If you're already in debate, you might think speech events are a waste of time or are not your thing. They seem like a totally different world. More performance and less clash. But that mindset misses the point. If you’re serious about getting better at debate, doing speech events will help you in ways debate alone can’t.
Here’s 6 reasons why speech should be part of your training.
In debate, it's incredibly easy to fall into the trap of speaking fast and robotic. You’re so focused on content that you forget how to deliver it. Speech brings you back to real communication. It teaches you how to sound confident, clear, and persuasive without needing to spread or read blocks.
In events like extemp, you stand up and explain something complicated in plain language. In oratory, you write and perform a full speech that connects emotionally with your audience. That kind of speaking translates directly into better debate delivery.
Categories like extemp and impromptu sharpen your quick thinking. You have to come up with ideas fast, organize them, and deliver them smoothly, all in a few minutes. This skill is gold in crossfire, cross-ex, and rebuttals.
A lot of debaters panic when they go off-script don’t know how to talk without prep time and so they start repeating points, stuttering and becoming less intelligible.
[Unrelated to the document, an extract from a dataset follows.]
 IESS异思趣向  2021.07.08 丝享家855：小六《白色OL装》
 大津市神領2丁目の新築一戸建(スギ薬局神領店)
Speech gives you tools to stay calm, stay smart, and keep speaking when you’re under pressure.
Debate teaches logic. Speech teaches rhetoric*. And persuasion isn’t just about having the right argument; it’s about getting someone (the judge) to care. Speech makes you think about how you say things, not just what you say.
The best debaters know how to speak like real people. Judges remember the debaters who sound convincing, not the ones who spit out ten impacts with performative emotion. Doing speech helps you learn that skill.
*Both debate and speech develop your rhetoric, but the development can be made much faster with speech
In oratory and extemp, you write and prep a lot. You learn how to structure arguments, how to cut down fluff, how to make something sound good out loud. That makes you better at writing cases and blocks.
If you’ve ever struggled to make your case flow well or make a block sound natural, speech gives you practice fixing that. You start to care more about clarity and delivery—skills that matter in every debate format.
At some point, you’ll leave the debate world. But speaking skills stay with you. Giving a presentation, leading a meeting, or speaking in public or even one on one conversations. Those are all speech skills. Debate gives you critical thinking. Speech gives you real-world speaking.
Together, they make you unstoppable.
People assume debate is about clashing while speech is about performing. But that’s oversimplified. In both, you’re persuading an audience. In both, you’re organizing complex ideas and delivering them clearly. The overlap is bigger than you think.
In fact, a lot of top debaters are also great speakers. And a lot of strong speech kids have the best delivery in debate rounds.
Extemp is the most debate-adjacent. You get a question, prep for 30 minutes, and give a 7-minute speech with sources. It’s like doing a rebuttal with more style.
Impromptu is great for thinking fast. You get a topic and start speaking right away.
Original Oratory helps with scripted delivery, emotional appeal, and long-form writing.
Informative is useful if you like research-heavy topics and structured delivery.
Try one or two. See what clicks.
If you care about getting better at debate, do speech. It makes you clearer, quicker, and more persuasive. It fixes the weaknesses debate doesn’t touch. And it gives you skills you’ll use long after your last tournament.
So don’t treat speech like a side hustle. Treat it like part of your training. It’ll make you a better debater and a better speaker for life.